However, since the proposed noise damper described above has a multi-layer structure, the productivity is impaired and the manufacturing cost is disadvantageous.

PRIOR ART DOCUMENT Patent Document

  • Patent document 1: Japanese Patent Application Publication No. 2009-292461

SUMMARY OF THE INVENTION Problems to be Solved by the Invention

An object of the present invention is to provide a pneumatic tyre capable of performing puncture repair by using a puncture repair liquid quickly and reliably while the noise damper has a single-layer structure.

Means for Solving the Problem

The present invention is a pneumatic tyre provided with a noise damper made of a porous material having interconnected bubbles on an inner surface of a tread portion, wherein in the noise damper, the number of bubbles (cells) is 30 or more and 60 or less/25 mm and in an arbitrary cross section of the noise damper, a ratio of a total sum ΣSa of cross-sectional areas of the bubbles to an area (s) of the cross section is 10% or more and 30% or less.

In the pneumatic tyre according to the present invention, it is preferred that the noise damper has a water absorption rate of 8% or more and 15% or less.

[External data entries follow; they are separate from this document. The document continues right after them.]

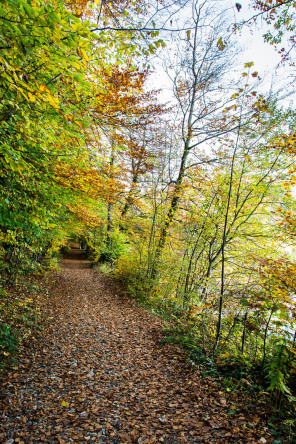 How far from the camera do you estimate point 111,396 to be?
11.5ft

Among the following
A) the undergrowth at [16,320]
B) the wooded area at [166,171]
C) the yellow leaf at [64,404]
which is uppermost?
the wooded area at [166,171]

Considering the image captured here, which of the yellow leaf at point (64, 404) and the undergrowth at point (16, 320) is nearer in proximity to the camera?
the yellow leaf at point (64, 404)

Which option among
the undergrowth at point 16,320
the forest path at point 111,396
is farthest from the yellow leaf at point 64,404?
the undergrowth at point 16,320

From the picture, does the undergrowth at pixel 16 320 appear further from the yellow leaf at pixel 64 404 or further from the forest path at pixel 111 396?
the yellow leaf at pixel 64 404

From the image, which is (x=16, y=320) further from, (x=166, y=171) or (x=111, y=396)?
(x=166, y=171)

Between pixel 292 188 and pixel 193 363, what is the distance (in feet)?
16.5

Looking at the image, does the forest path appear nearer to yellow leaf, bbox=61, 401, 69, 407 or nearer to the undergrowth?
yellow leaf, bbox=61, 401, 69, 407

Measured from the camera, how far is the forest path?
8.95 ft

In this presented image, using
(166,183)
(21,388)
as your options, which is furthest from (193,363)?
(166,183)

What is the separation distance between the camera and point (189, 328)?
227 inches

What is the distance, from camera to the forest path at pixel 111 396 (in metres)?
2.73

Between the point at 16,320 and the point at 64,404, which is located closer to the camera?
the point at 64,404

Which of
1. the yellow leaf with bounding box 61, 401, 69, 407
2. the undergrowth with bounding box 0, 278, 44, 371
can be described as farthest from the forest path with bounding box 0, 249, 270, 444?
the undergrowth with bounding box 0, 278, 44, 371

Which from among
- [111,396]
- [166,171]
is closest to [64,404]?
[111,396] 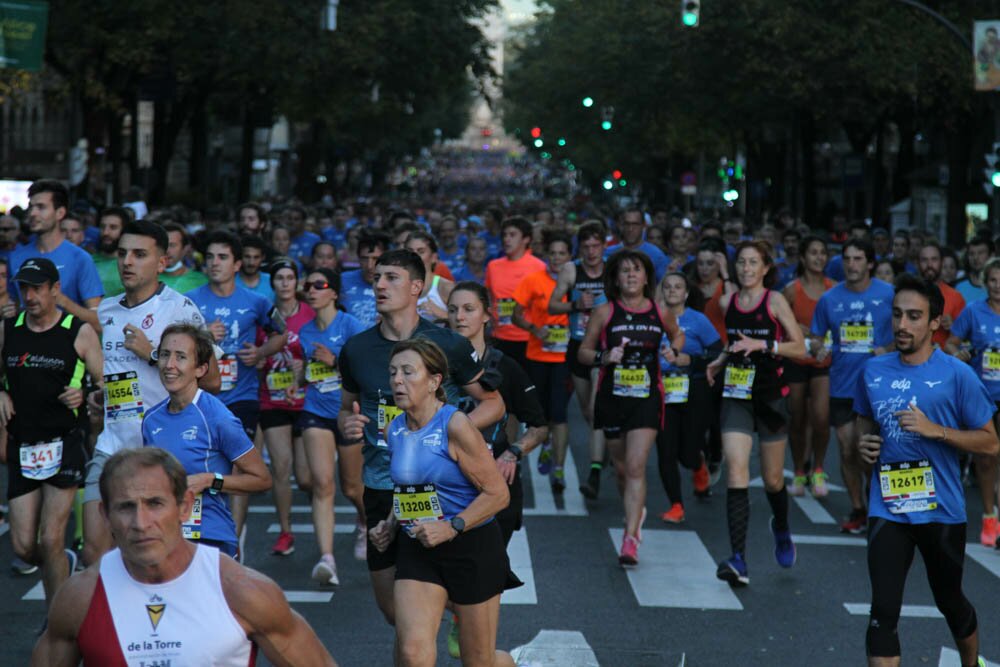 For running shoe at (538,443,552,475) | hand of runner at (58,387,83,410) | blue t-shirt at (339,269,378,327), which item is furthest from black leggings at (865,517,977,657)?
running shoe at (538,443,552,475)

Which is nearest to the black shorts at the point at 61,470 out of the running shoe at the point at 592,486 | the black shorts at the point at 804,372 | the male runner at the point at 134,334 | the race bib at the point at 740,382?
the male runner at the point at 134,334

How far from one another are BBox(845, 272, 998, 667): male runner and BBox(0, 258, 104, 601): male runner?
146 inches

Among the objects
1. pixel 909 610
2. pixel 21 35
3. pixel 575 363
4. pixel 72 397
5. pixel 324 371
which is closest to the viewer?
pixel 72 397

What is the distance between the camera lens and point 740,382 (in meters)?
10.5

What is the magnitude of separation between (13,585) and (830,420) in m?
5.90

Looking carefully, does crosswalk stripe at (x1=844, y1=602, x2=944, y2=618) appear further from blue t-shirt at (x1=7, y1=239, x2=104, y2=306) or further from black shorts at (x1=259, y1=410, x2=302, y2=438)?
blue t-shirt at (x1=7, y1=239, x2=104, y2=306)

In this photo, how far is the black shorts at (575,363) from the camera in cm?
1397

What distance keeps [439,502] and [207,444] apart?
3.71 ft

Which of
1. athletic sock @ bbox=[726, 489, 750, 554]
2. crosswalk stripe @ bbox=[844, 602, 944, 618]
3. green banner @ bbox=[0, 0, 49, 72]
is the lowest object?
crosswalk stripe @ bbox=[844, 602, 944, 618]

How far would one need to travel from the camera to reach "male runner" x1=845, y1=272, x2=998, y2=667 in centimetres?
724

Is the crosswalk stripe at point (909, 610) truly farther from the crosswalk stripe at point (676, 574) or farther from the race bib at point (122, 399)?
the race bib at point (122, 399)

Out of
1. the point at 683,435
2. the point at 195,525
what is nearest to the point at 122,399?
the point at 195,525

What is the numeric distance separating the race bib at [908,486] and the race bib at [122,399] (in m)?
3.29

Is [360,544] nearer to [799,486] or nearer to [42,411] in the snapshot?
[42,411] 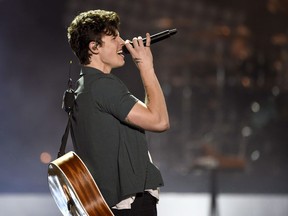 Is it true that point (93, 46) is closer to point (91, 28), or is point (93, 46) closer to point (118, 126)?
point (91, 28)

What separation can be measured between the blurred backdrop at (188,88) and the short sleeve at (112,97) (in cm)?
315

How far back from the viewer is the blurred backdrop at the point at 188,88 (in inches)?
196

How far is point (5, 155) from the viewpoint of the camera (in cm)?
502

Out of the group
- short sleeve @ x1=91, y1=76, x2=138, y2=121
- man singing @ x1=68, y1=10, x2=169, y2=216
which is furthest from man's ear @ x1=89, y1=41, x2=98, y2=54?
short sleeve @ x1=91, y1=76, x2=138, y2=121

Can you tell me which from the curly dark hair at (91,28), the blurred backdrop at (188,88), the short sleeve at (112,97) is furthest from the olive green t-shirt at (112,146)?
the blurred backdrop at (188,88)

In the pneumatic tyre according to the present invention, it is preferred that the porous material is ether-based polyurethane.

Advantageous Effects of the Invention

In the present invention, as described above, in the noise damper made of the porous material having interconnected bubbles, the number of the bubbles (cells) is set to be 30 or more/25 mm, and thus the bubbles (cells) are miniaturized. Therefore, the puncture repair liquid is likely to penetrate into the inside of the noise damper due to the effect of capillary action. Thereby, it is possible that the flow of the puncture repair liquid into the puncture hole is accelerated. That is, the puncture repair can be performed quickly and reliably. If the number of the bubbles (cells) is more than 60/25 mm, the puncture repair is slowed down due to excessive miniaturization and a decrease in the amount of the puncture repair liquid that flows through.

On the other hand, the porosity is set to be low by setting the ΣSa/s to be 30% or less, therefore, the amount of the puncture repair liquid that can be absorbed by the whole noise damper is limited. Thereby, it is possible that a situation in which the puncture repair liquid does not spread over the entire area and thus the puncture repair cannot be performed reliably is suppressed from occurring. Further, problems such as weight imbalance due to unevenness in the absorption amount can be suppressed. If the ΣSa/is less than 10%, the porosity becomes too low, therefore, the noise damping effect becomes insufficient. Further, since the absorbed amount of the puncture repair liquid is decreased, the flow of the puncture repair liquid into the puncture hole also becomes slow.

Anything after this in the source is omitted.